A few weeks ago, I bought a stack of heat-and-serve Indian food packets.  At 300g apiece, one of them makes a decent meal when combined with pasta or rice.  They're convenient to bring along to places where I can't get a good meal at a reasonable price, such as visiting a friend in the hospital, and have good flavour and reasonable nutritional value.  They're not very expensive, usually between $1.50 and $2, and have an unrefrigerated shelf life of a year or two.  And though sesame doesn't seem to be used much in Indian cookery (according to staff at Indian restaurants I've been to), I did check the ingredients before I bought them.


This evening, I was heating up the contents of a packet of a pineapple sweet and sour curry in the microwave oven.  Sounded yummy; I'd been looking forward to trying that one.  While I was waiting for the food to finish heating, for lack of anything else to read (and needing to be reading something, as usual), I was looking over the food package again.  And the word "sesame" caught my eye in the French ingredients list... as in, "Graines de sesame hydrogenee", between "Piment rouge" and "Moutarde".  I went back to the English version: "Red chilli, Gingelly, Mustard".  Then the German version: "Cayennepfeffer, Til, Senf".

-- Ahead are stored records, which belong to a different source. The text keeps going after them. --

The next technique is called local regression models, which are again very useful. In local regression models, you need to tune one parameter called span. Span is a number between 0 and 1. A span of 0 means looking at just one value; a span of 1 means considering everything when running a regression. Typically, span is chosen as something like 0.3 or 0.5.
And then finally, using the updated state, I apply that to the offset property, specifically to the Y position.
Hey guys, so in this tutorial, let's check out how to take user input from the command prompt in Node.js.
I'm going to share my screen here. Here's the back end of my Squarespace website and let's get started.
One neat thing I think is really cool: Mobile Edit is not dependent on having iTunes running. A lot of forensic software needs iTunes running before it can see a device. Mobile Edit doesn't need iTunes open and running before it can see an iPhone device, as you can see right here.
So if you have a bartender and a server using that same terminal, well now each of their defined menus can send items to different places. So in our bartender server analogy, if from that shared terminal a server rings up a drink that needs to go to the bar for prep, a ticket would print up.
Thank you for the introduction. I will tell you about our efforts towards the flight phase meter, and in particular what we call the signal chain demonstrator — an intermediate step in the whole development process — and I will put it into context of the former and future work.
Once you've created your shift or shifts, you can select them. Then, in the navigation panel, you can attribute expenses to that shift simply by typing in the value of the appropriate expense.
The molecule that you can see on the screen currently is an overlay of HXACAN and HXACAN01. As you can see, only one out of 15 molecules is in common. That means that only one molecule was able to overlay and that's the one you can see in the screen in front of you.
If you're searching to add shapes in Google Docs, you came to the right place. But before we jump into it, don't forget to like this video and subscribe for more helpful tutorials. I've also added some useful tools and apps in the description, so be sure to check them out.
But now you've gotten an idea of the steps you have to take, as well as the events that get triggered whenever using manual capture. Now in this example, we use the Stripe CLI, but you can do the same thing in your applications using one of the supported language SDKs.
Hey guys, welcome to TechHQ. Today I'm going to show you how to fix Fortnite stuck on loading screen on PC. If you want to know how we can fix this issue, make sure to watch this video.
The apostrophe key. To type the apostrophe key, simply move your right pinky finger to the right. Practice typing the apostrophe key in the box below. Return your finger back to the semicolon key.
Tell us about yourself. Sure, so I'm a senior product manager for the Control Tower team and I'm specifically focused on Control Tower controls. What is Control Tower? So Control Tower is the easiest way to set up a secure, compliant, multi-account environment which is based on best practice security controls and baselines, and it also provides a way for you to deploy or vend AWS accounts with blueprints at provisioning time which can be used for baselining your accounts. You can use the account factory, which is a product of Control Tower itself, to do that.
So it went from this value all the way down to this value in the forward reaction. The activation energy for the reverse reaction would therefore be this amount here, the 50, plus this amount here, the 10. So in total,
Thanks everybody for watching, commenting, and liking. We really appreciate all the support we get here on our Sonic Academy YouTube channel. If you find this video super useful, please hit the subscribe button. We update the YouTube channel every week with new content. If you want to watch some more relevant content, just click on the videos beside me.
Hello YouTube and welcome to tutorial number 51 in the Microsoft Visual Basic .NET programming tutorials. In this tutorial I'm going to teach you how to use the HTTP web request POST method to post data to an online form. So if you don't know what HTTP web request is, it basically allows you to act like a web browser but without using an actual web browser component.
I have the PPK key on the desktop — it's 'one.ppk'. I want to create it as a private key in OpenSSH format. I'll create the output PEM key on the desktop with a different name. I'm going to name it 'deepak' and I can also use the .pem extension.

It never occurred to me that "gingelly" wasn't... well, just some kind of spice I'd never heard of.  I thought it might be a misspelling of "galingale".  If anything, it reminds me of Allan McFee and "Mom Nifkin's jellied gin".  Who knew that it meant sesame?  Apart from everyone who speaks... Hindi, I suppose.


That "hydrogenated sesame seeds" in French just sounds weird.  But I don't know if they mean the oil instead of the seed, or if there was some other kind of translating error.  I decided that it wasn't safe for me to eat that dish — sure, a hospital is the best place to be when you're having an anaphylactic attack, but really, it's better just not to go there.  Instead, I got an overpriced slice of wilted substandard vegetarian pizza from the cafeteria and picked out as much of the onion and olives as I could.


Now I think I need to find all the possible translations of "sesame" in current use, so I can be more careful to avoid them.  I learned two more this evening: "gingelly" (and several spelling variants) and "til".  (I note that my German dictionary translates "sesame" to "Indischer Sesam", i.e., "Indian sesame", which is doubly weird.)